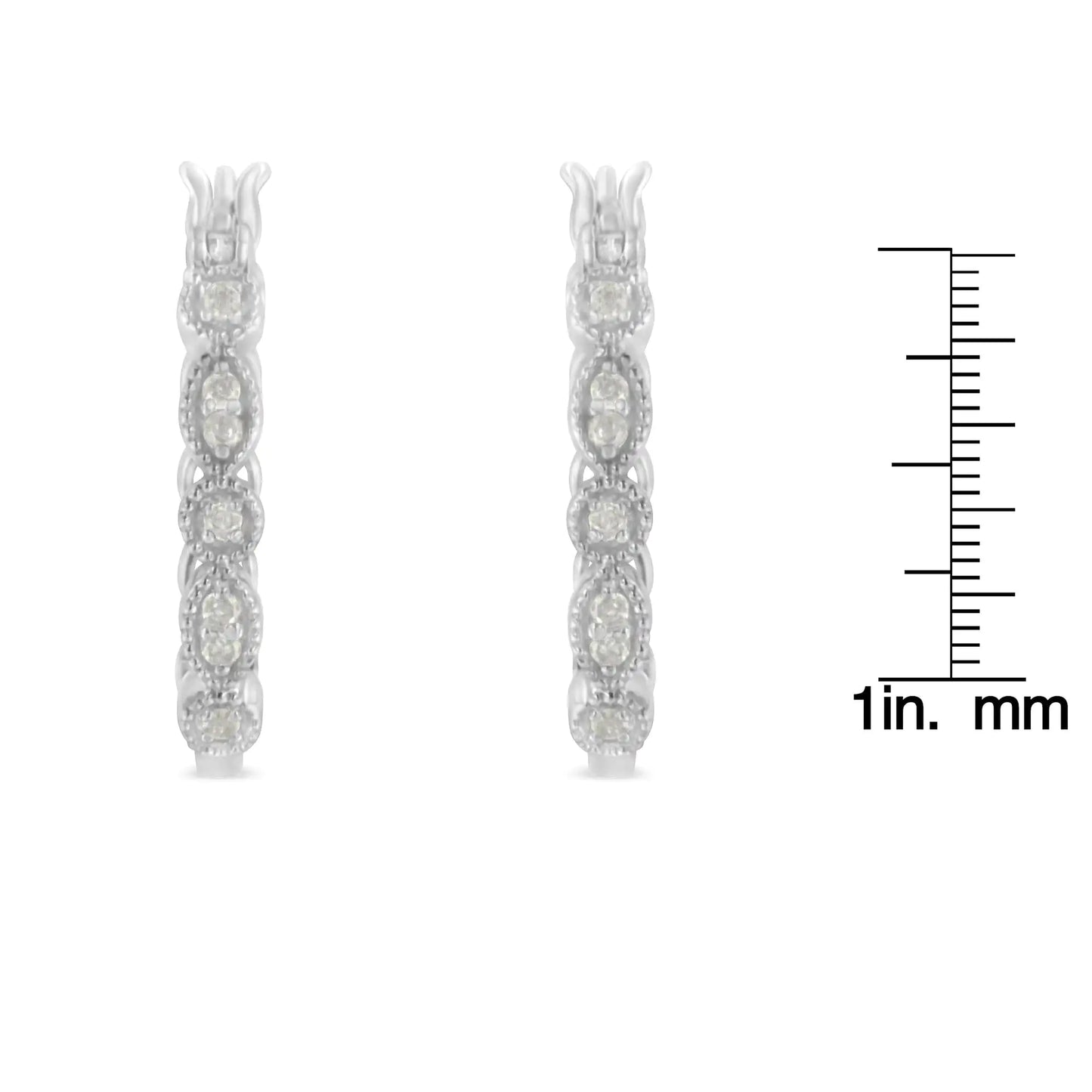.925 Sterling Silver 1/6 cttw Diamond Milgrain Hoop Earring (I-J Color, I3 Clarity)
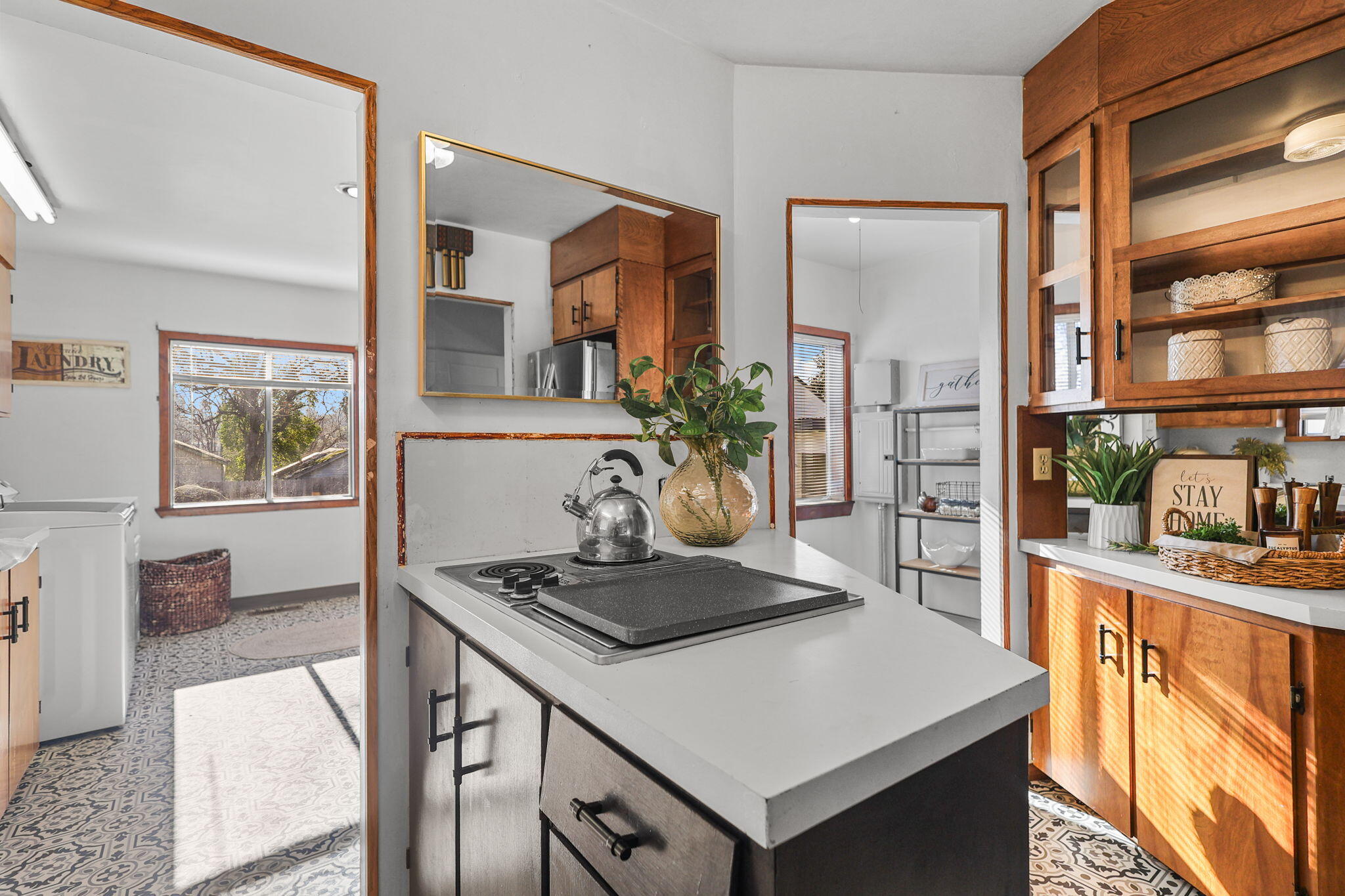 2343 North Street Redding, CA 96001 - Photo 39 of 93 Kitchen with Island Cooktop & Built-Ins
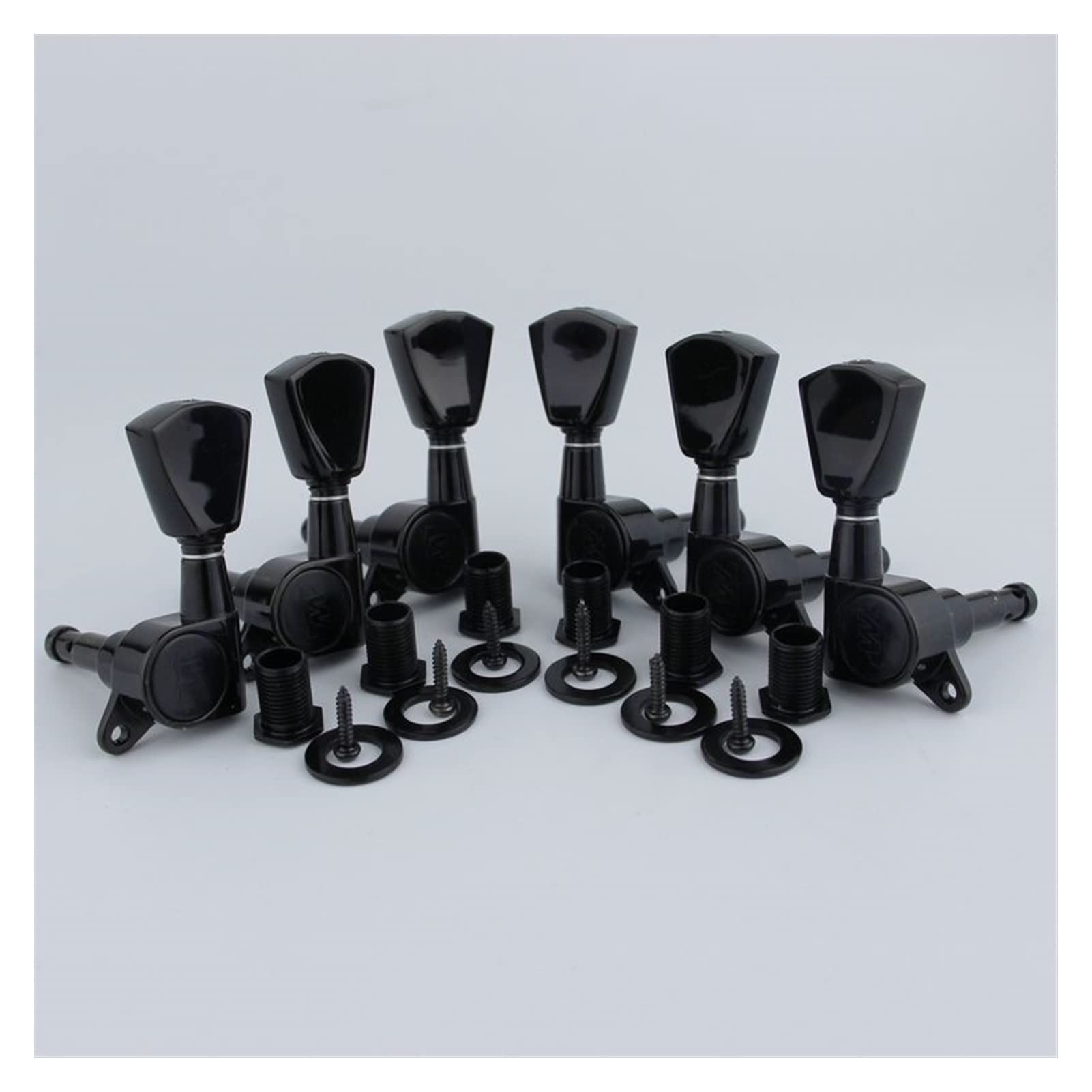 E- Gitarrenmaschine Köpfe Tuner 3R3L. Schwarze Tuning-Pegs. Stimmwirbel Mechaniken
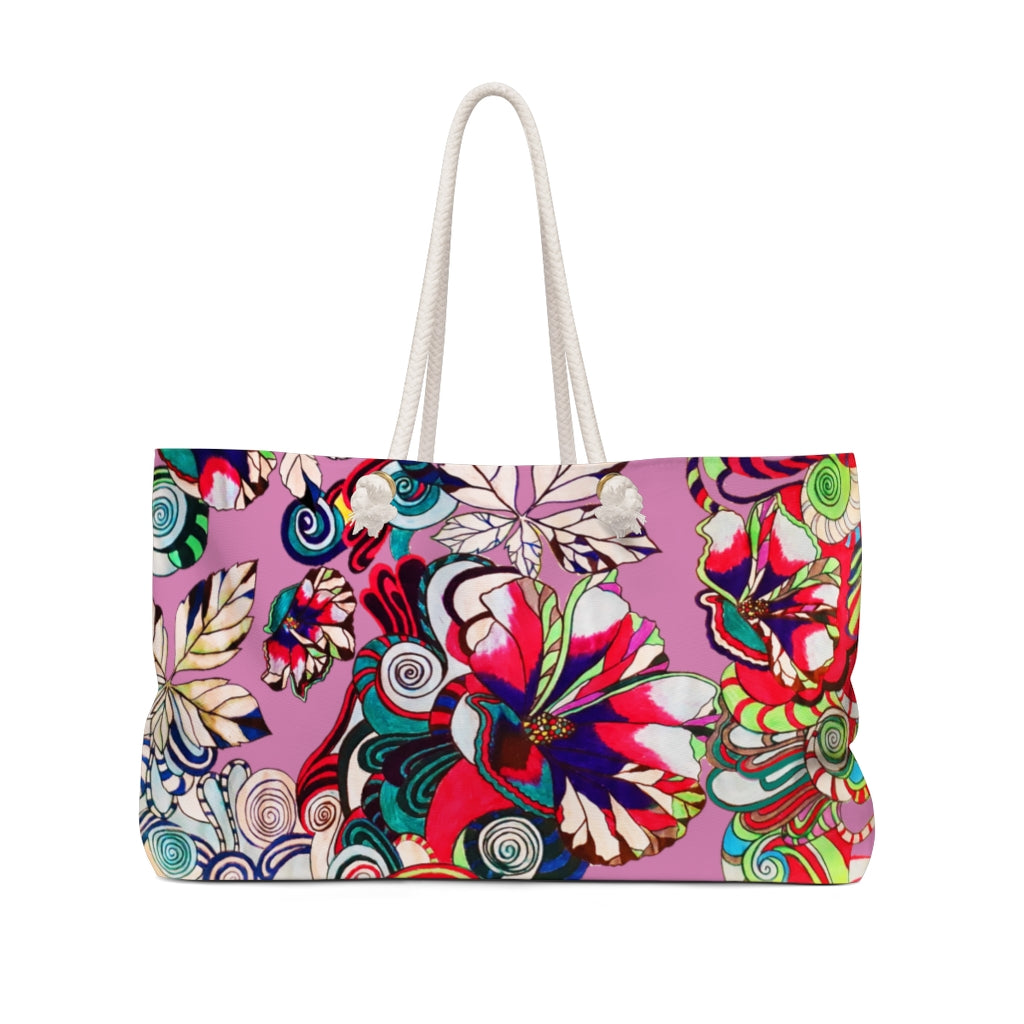 Artsy Floral Pop Mauve Weekender Bag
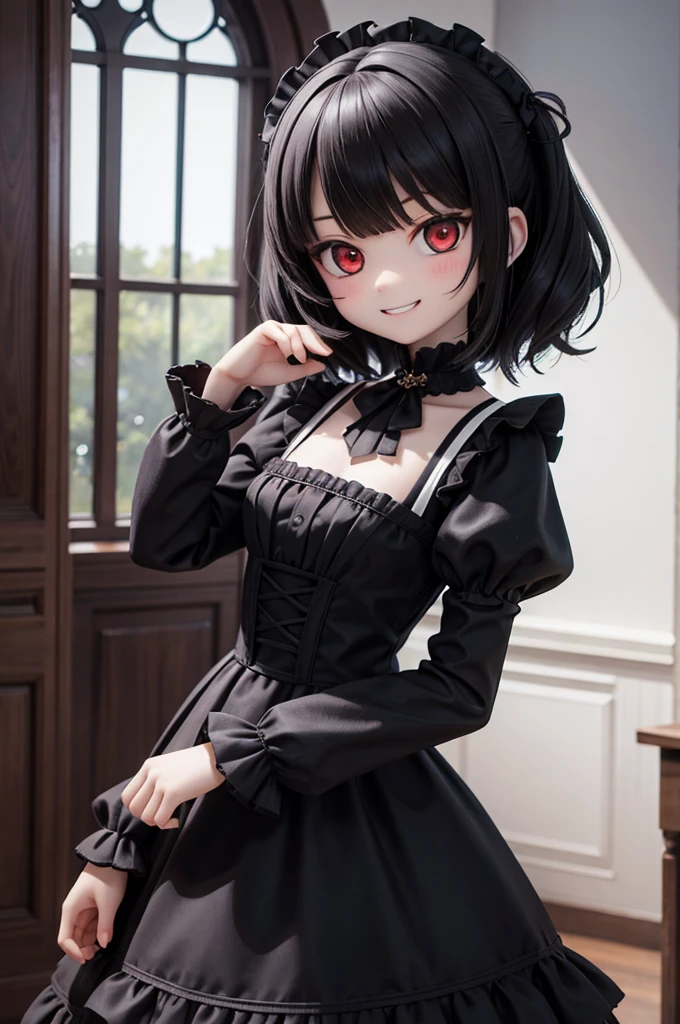 (masterpiece), indoors, light particles, gothic, victorial, 1girl, medium hair, black hair, (red eyes:1.2), black dress, frills, frilled dress, puffy sleeves, grin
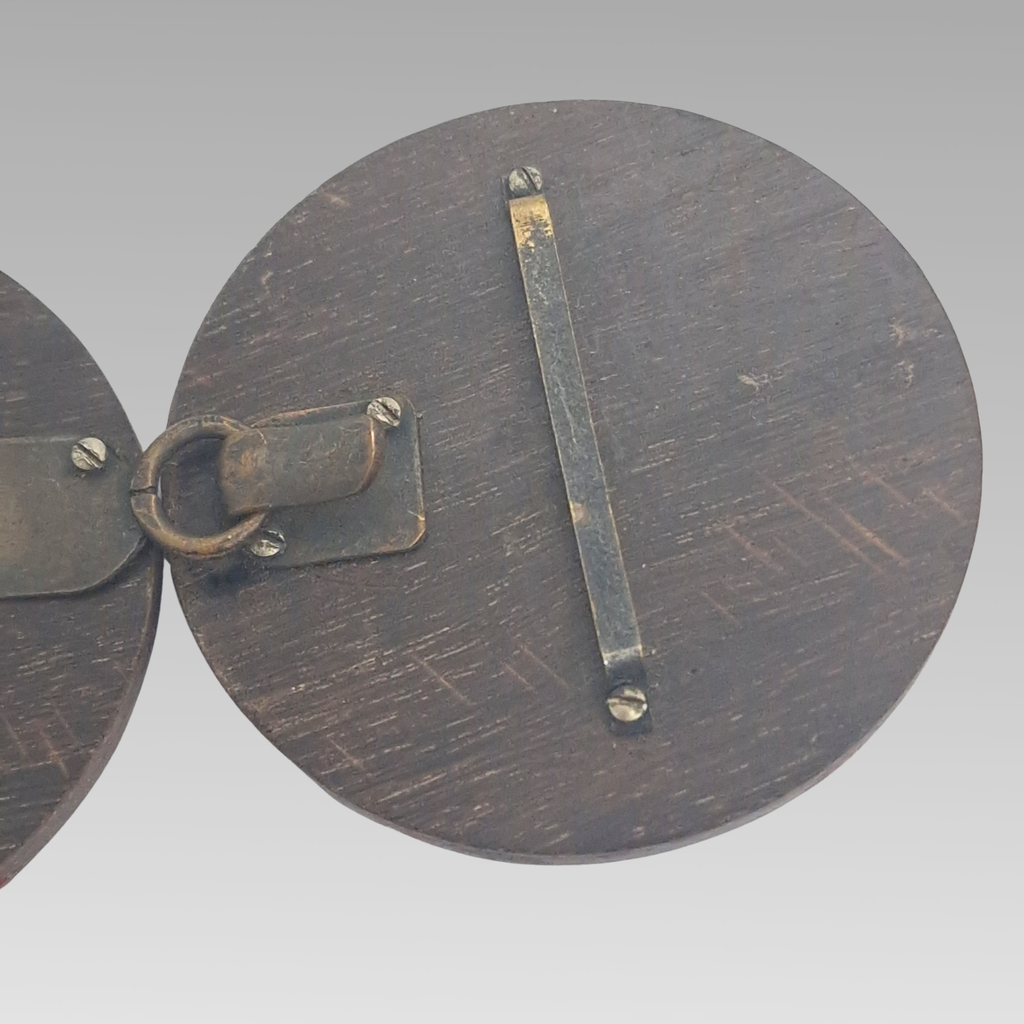 Victorian Wood & Coral Inlay Circular Belt Buckle Sash Fastener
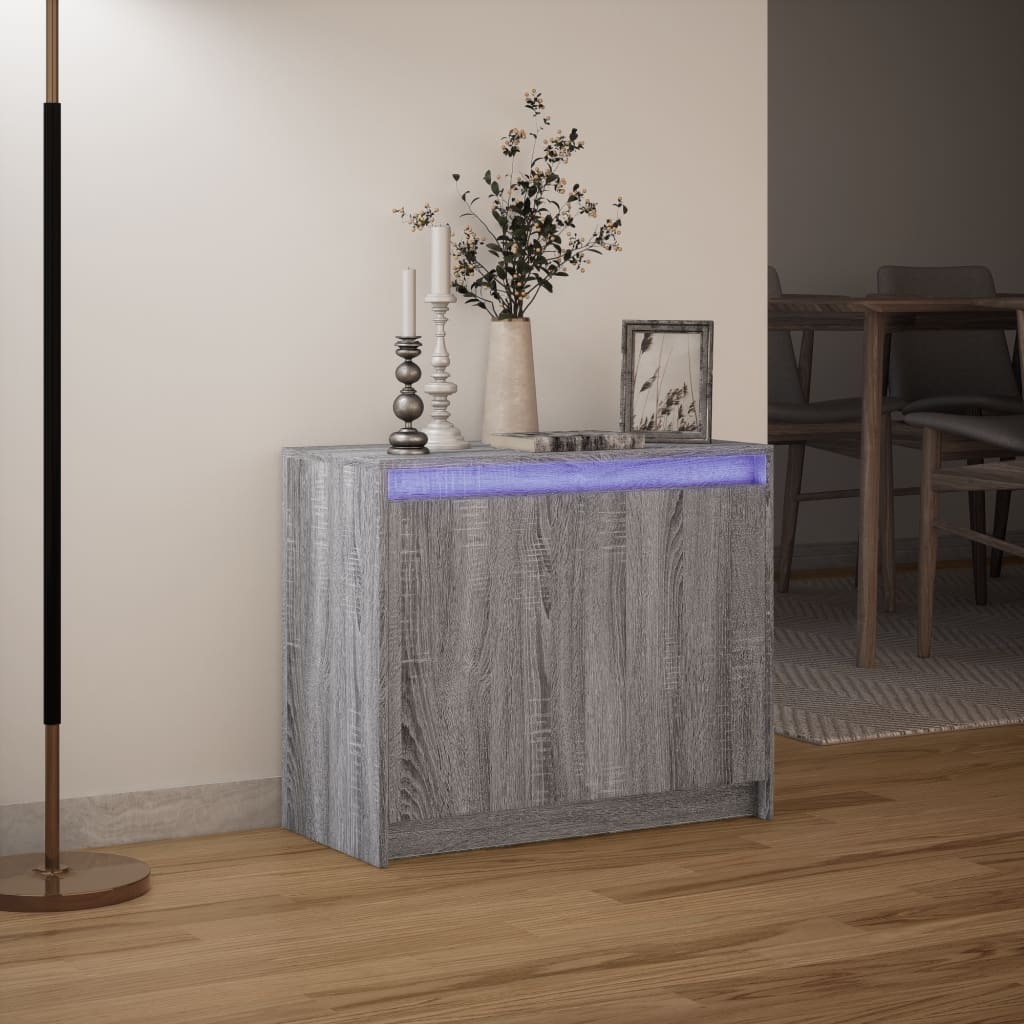 VidaXL Dressoir met LED 72x34x61 cm bewerkt hout grijs sonoma eiken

_What needs to be done_:
Using the material above, transcribe exactly the lines from the one holding "2343 North Street" to the one holding "Victorian Wood &", both ends kept. Do not carry over any pictures.

_Final answer_:
 2343 North Street Redding, CA 96001 - Photo 39 of 93 Kitchen with Island Cooktop & Built-Ins
 E- Gitarrenmaschine Köpfe Tuner 3R3L. Schwarze Tuning-Pegs. Stimmwirbel Mechaniken
 Artsy Floral Pop Mauve Weekender Bag
 (masterpiece), indoors, light particles, gothic, victorial, 1girl, medium hair, black hair, (red eyes:1.2), black dress, frills, frilled dress, puffy sleeves, grin
 Victorian Wood & Coral Inlay Circular Belt Buckle Sash Fastener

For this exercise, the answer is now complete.